[GIVEN RECORDS]
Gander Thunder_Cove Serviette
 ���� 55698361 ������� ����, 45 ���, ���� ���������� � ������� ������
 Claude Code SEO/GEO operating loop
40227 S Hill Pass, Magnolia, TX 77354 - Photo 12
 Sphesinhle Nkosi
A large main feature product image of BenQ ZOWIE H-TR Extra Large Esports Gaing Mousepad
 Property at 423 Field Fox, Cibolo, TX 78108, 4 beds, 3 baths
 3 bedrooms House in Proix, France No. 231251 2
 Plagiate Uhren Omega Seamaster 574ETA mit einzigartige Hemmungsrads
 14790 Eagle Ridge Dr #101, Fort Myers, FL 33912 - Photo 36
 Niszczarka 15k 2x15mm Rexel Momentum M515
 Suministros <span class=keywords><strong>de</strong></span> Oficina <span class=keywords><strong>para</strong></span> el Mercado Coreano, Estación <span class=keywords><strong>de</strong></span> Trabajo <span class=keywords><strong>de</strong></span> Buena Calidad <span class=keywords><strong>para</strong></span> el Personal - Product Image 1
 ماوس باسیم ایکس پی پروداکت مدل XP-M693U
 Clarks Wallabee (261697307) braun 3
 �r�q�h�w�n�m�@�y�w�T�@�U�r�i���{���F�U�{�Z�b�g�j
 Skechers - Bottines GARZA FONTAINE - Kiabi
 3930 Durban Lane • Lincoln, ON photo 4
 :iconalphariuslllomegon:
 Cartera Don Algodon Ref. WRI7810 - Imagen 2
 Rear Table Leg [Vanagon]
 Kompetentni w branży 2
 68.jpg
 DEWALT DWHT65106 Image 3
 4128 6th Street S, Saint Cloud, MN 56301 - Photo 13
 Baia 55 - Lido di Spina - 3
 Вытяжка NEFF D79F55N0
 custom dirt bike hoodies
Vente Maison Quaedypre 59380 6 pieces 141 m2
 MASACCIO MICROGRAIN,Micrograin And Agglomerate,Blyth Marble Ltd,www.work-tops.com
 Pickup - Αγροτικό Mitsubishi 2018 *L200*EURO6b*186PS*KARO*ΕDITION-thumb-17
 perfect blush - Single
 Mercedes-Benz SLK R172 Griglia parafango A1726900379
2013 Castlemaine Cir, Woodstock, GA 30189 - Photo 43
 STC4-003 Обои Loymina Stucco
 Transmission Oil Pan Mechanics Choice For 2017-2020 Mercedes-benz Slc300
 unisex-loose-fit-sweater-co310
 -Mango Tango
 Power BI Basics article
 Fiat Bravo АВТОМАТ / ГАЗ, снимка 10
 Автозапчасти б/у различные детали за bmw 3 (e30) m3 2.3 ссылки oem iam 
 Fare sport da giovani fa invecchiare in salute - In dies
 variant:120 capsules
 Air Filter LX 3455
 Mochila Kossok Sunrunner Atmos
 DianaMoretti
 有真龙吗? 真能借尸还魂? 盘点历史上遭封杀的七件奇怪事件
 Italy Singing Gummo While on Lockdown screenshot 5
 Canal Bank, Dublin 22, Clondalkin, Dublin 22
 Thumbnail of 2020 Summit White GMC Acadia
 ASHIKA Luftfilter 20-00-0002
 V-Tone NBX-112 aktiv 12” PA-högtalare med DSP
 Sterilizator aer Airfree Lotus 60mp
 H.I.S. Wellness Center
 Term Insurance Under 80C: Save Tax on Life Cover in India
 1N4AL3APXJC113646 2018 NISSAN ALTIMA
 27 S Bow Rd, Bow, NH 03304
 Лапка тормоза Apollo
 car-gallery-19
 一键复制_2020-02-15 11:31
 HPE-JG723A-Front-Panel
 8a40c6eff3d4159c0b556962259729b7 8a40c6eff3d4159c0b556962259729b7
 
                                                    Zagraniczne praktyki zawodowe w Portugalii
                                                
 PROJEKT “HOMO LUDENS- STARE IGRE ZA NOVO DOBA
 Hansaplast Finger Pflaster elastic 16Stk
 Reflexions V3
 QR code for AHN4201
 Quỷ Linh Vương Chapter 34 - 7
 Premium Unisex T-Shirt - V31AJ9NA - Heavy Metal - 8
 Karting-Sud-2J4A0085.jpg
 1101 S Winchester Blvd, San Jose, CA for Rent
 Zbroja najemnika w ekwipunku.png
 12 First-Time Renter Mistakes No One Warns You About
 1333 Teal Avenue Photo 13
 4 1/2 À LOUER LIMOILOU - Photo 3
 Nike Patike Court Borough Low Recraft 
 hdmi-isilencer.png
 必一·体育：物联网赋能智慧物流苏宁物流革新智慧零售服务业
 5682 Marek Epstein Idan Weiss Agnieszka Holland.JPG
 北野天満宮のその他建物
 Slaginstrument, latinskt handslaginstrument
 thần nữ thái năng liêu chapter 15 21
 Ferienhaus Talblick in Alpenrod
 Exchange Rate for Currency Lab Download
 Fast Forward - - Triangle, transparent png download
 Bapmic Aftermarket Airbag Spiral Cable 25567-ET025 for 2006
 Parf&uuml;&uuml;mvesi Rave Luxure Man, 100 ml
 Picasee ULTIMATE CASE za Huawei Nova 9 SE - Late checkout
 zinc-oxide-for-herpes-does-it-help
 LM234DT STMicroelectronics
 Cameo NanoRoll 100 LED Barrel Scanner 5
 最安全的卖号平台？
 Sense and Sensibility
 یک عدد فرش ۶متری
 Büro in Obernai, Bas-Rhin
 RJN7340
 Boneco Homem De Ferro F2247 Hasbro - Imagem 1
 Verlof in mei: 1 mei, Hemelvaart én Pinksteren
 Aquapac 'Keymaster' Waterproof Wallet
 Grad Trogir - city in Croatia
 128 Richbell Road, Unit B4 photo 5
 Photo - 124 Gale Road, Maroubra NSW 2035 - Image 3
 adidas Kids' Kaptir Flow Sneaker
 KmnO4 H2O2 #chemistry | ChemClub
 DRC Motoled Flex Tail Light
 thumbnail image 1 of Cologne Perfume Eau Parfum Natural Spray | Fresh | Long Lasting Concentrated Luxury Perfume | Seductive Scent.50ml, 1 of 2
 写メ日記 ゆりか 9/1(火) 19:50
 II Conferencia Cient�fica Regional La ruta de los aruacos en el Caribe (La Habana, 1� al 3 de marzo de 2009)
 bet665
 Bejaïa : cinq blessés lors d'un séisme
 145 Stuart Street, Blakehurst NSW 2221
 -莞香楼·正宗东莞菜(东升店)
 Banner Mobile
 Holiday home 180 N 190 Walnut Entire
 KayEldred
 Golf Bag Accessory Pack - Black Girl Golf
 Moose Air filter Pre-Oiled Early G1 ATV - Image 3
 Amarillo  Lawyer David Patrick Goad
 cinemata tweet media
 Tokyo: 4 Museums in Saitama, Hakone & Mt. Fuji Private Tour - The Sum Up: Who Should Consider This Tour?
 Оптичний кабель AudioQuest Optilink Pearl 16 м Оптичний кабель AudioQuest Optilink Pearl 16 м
[/GIVEN RECORDS]
■ **WHAT NEEDS TO BE DONE**
Take the entries above and return only the lines from the one with "Cartera Don Algodon Ref. WRI7810 - Imagen 2" to the one with "2013 Castlemaine Cir, Woodstock, GA", both included, unchanged.

■ **ANSWER SECTION**
 Cartera Don Algodon Ref. WRI7810 - Imagen 2
 Rear Table Leg [Vanagon]
 Kompetentni w branży 2
 68.jpg
 DEWALT DWHT65106 Image 3
 4128 6th Street S, Saint Cloud, MN 56301 - Photo 13
 Baia 55 - Lido di Spina - 3
 Вытяжка NEFF D79F55N0
 custom dirt bike hoodies
Vente Maison Quaedypre 59380 6 pieces 141 m2
 MASACCIO MICROGRAIN,Micrograin And Agglomerate,Blyth Marble Ltd,www.work-tops.com
 Pickup - Αγροτικό Mitsubishi 2018 *L200*EURO6b*186PS*KARO*ΕDITION-thumb-17
 perfect blush - Single
 Mercedes-Benz SLK R172 Griglia parafango A1726900379
2013 Castlemaine Cir, Woodstock, GA 30189 - Photo 43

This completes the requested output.